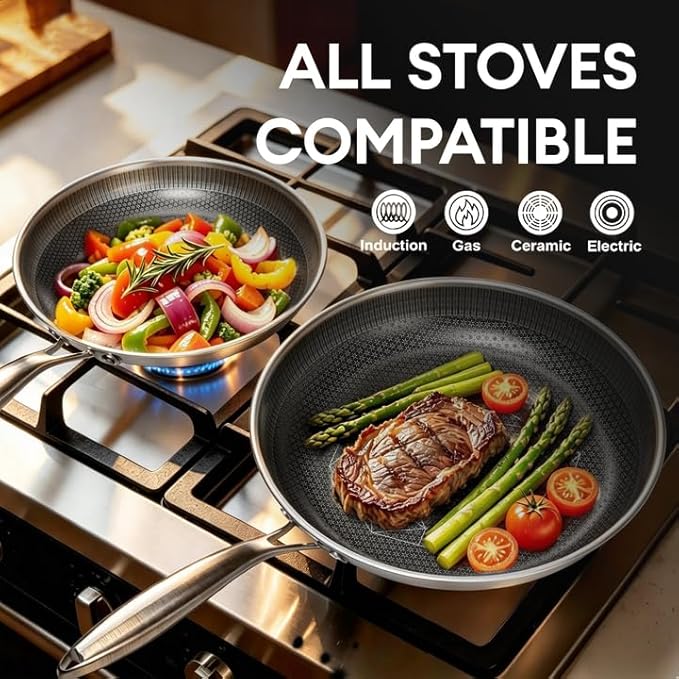 COOKER KING Stainless Steel Pans Set of 3 (8+10+12 Inch), Nonstick Frying Pans, Induction Pan Set, Chef's Pan, Skillets Dishwasher & Oven Safe, Stay-Cool Handles, Compatible with All Cooktops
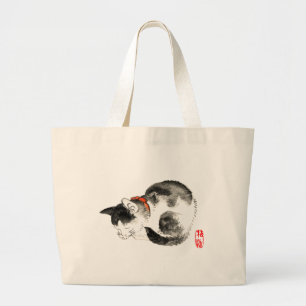 Grand Tote Bag Chat japonais couché noir et blanc
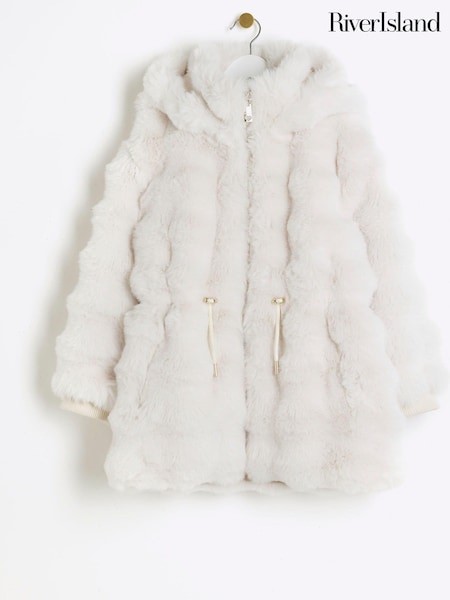 River Island Cream Girls Bobble Faux Fur Coat (E14440) | AED291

Problem requirements:
The lines running from the one with "Grand Tote Bag" to the close of the material above are to be retyped exactly; no picture is to be included.

Result of this exercise:
 Grand Tote Bag Chat japonais couché noir et blanc
 River Island Cream Girls Bobble Faux Fur Coat (E14440) | AED291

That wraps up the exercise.